Mellanie se despidió con una ligera sensación de pesar. Se preguntó dónde estaba Adam para que fuera tan bonito. Hablar con Adam siempre la hacía sentirse menos aislada. No se habían conocido en persona y quizá nunca lo hiciesen, pero hablar de su trabajo la ayudaba muchísimo a conservar la confianza. Aquel hombre era un profesional que hacía lo que hacía por una cuestión de compromiso y fe, y aprobaba sus esfuerzos además de ofrecerle pequeños consejos. Se había terminado transformando en una especie de amistad rara, pero, de un modo extraño, Mellanie confiaba en él mucho más que en cualquier otra persona que hubiera en su vida en esos momentos.

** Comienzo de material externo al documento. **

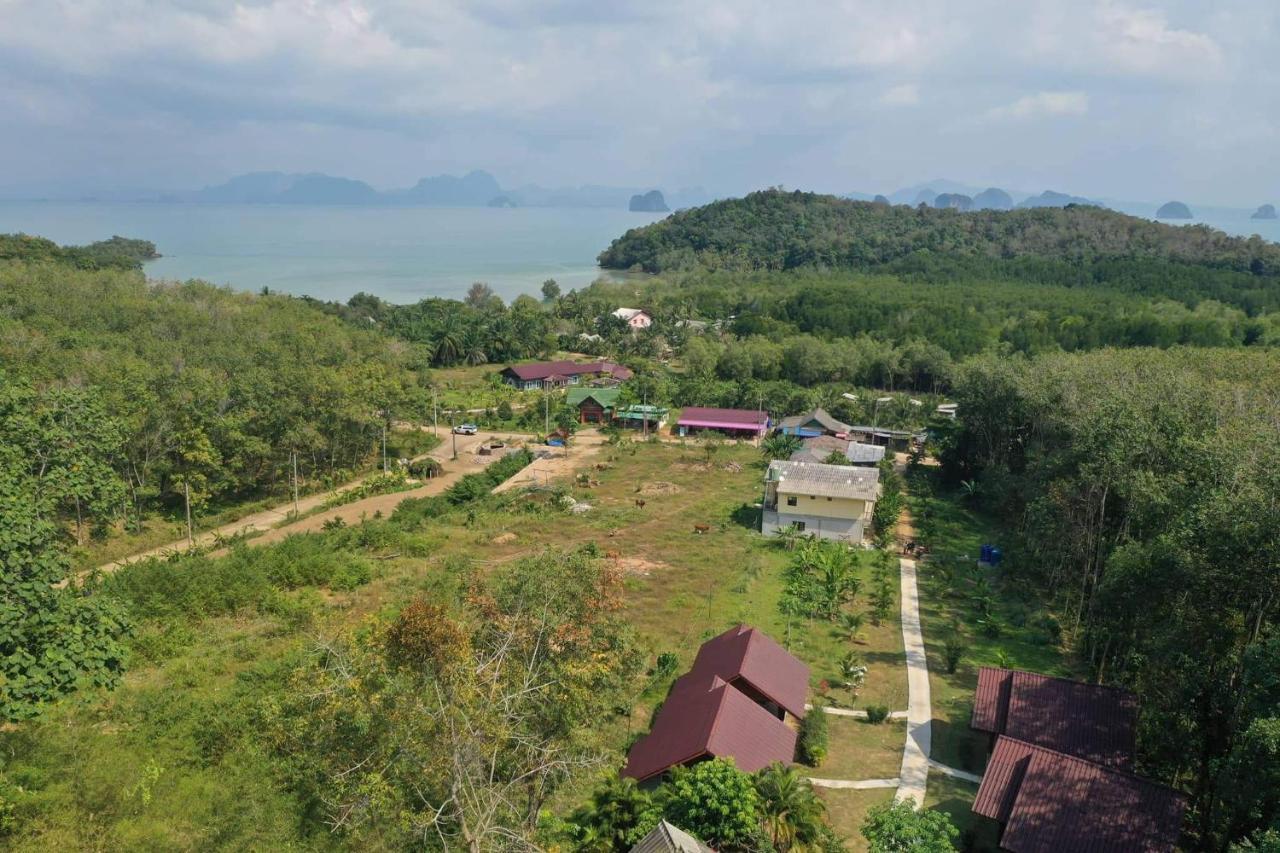 Mookanda Bungalow ヤオノイ島 エクステリア 写真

Delante de ella, la iluminación chillona y multicolor del muelle de Santa Mónica se extendía sobre el agua mientras el cielo se iba oscureciendo en el horizonte. Le lanzó a las atracciones de la feria una breve mirada nostálgica antes de girar en redondo y volver paseando por la arena. Dudley empezaría a ponerse nervioso si no volvía pronto. Venice Beach era donde los trabajadores temporales de otros mundos que se encontraban en L. A. vivían y pasaban el rato. La playa era gratuita, las tiendas eran baratas y los bares más baratos todavía. Siempre estaba llena de gente, incluso se podía decir que estaba de moda, aunque fuera de un modo un tanto hortera. Mellanie disfrutaba de la playa y le gustaba visitar los puestos en busca de toda su diversidad cultural y la basura de segunda mano que vendían. Incluso había visto unas cuantas copias burdas de sus propios diseños entre las camisetas, las gorras para el sol y las matrices de marcas pirateadas. Los tenderos gritaban en idiomas que ella no reconocía, vendiendo fruta y verduras que o bien eran alienígenas o estaban genéticamente modificadísimas.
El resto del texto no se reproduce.